*** Data Section Begins ***

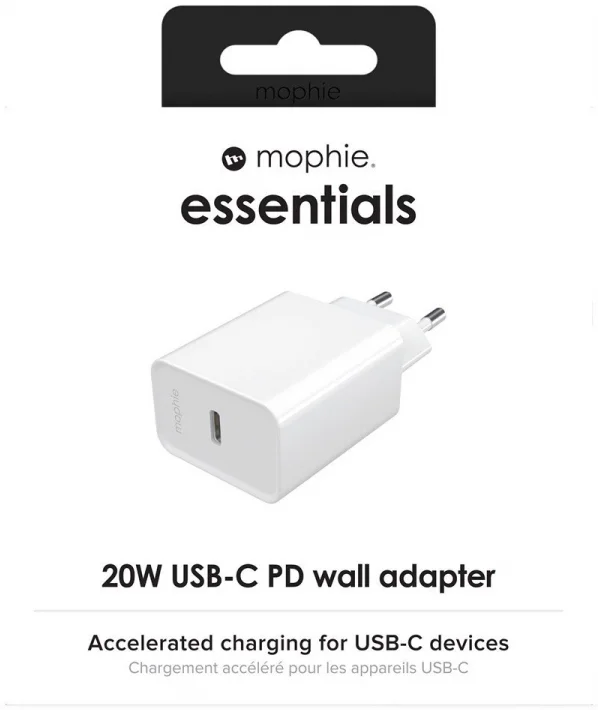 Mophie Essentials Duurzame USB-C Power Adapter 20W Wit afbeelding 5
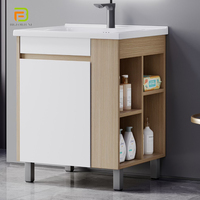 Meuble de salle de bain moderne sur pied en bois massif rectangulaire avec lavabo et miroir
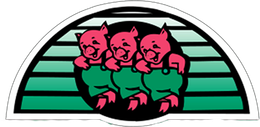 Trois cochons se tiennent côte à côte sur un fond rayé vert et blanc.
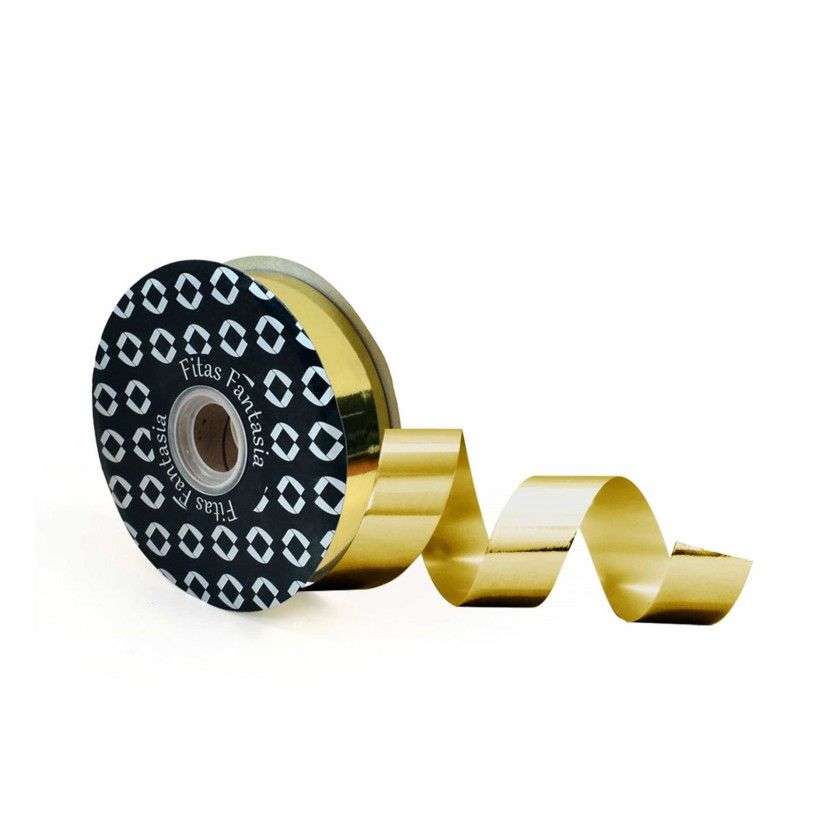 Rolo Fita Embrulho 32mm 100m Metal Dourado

*** Data Section Ends ***
*** Data Section Begins ***

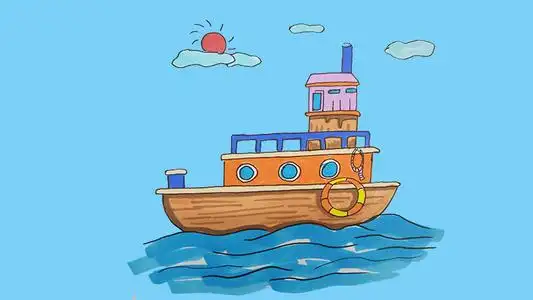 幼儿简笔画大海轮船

*** Data Section Ends ***
*** Data Section Begins ***

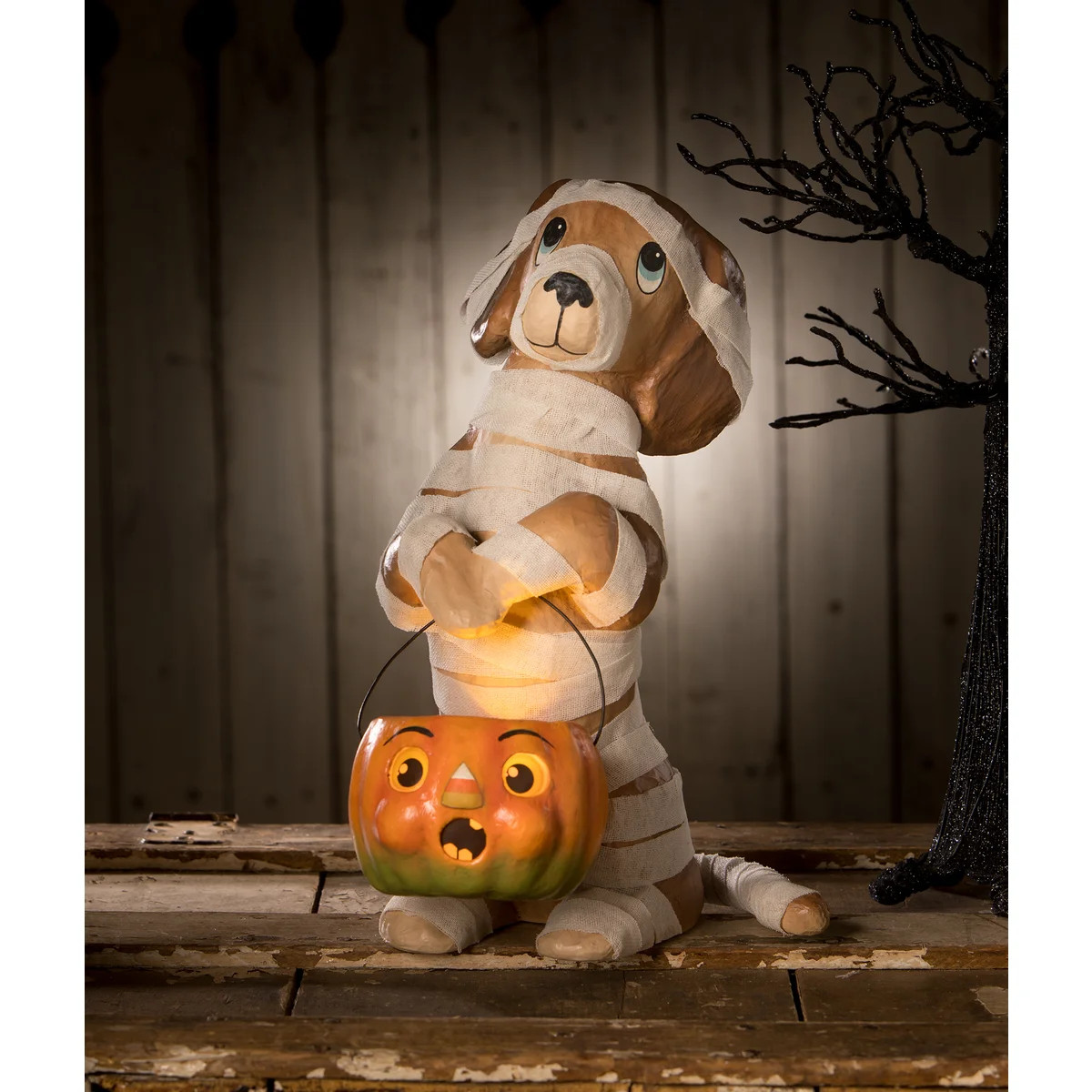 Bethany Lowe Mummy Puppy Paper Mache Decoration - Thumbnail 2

*** Data Section Ends ***

**Instructions for the task**
Copy exactly the lines of the listing above between the one holding "Mophie Essentials Duurzame" and the one holding "Rolo Fita Embrulho 32mm 100m Metal Dourado", inclusive; omit all pictures.

**Result of this exercise**
 Mophie Essentials Duurzame USB-C Power Adapter 20W Wit afbeelding 5
 Meuble de salle de bain moderne sur pied en bois massif rectangulaire avec lavabo et miroir
 Trois cochons se tiennent côte à côte sur un fond rayé vert et blanc.
 Rolo Fita Embrulho 32mm 100m Metal Dourado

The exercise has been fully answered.